Docker Community Forums

Share and learn in the Docker community.

Specify SSL cert for the web interface


(James) #1

I’d like to be able to provide UCP with a vendor signed SSL cert for its web connections. As far as I could see, my only option is to provide a CA cert at installation time, which I am not able to do. I’m happy to have UCP use it’s internally generated certs to secure communication to all of the nodes, but I’d like the web interface to be secured with more than a self-signed cert, since I am going to be asking my devs to provide their LDAP credentials to login.

Trusted Registry made this process very easy, and I’d like to see the same functionality in UCP. If there is a method I am missing, please let me know.

Thank you,
-James


(Vivek Saraswat) #2

Hi James,

Just wanted to check, but is there a reason why the following from the documentation (https://docs.docker.com/ucp/reference/install/) doesn’t work for you?

“You can optionally use an externally generated and signed certificate for the UCP controller by using the --external-ucp-ca. Create a storage volume named ucp-controller-server-certs with ca.pem, cert.pem, and key.pem in the root directory before running the install.”
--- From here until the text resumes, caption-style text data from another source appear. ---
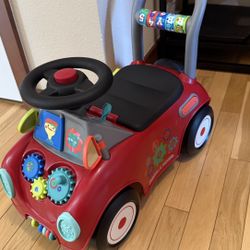 Toddler Car/Walker *Move Out Sale*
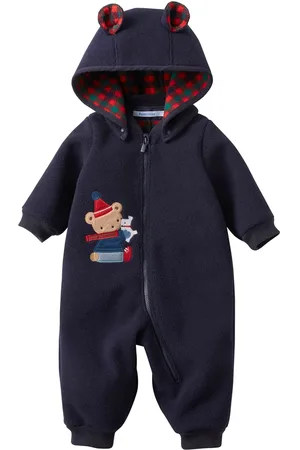 Familiar Grenouillère à capuche détachable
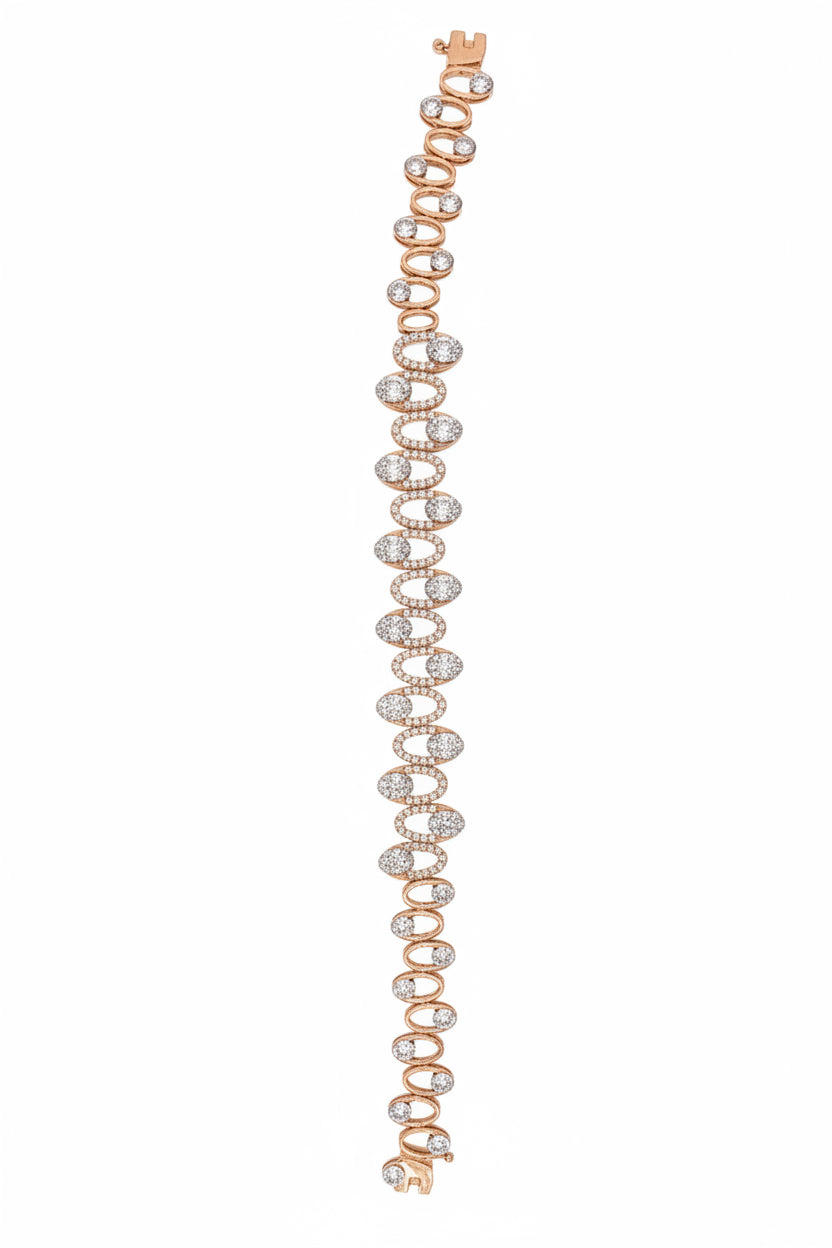 Signature Diamond Bracelet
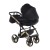 Wózek wielofunkcyjny Junama Diamond S-Line V3 02 Black/Gold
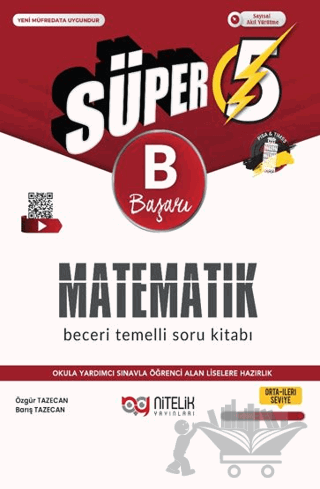 5. Sınıf matematik (B) Beceri Temelli Soru Kitabı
The parameter flag name is slightly confusing–what is actually being asked for is not a full CA but a server certificate, which is I believe what you are looking for. We may change the flag name in a later release to be more consistent with this.


(James) #3

I read that section quickly and the name of the option led me to believe that it was asking for an intermediate cert to sign all of the internal certs UCP generates. Now that you point it out, that seems like exactly what I need.

Thank you for your help!

-James


(James) #4

Out of curiosity, are there any plans to include a similar interface to the one that DTR uses? The cert will expire in three years, and I’d like to be able to replace it without having to reinstall.

Thank you,
-James


(Vishnu Bharathi) #5

It would be really helpful to have this feature in UCP. DTR made life much easier with this feature.


(Vivek Saraswat) #6

What is the particular feature request here? Or is it specifically about doing it the same way DTR does?


(James) #7

Any way to update the web interface cert without having to do a complete reinstall would be great. Command line or web based.

Thank you,
-James


(Vivek Saraswat) #8

Understood. You can expect the ability to regenerate certs without reinstall in the next release of UCP.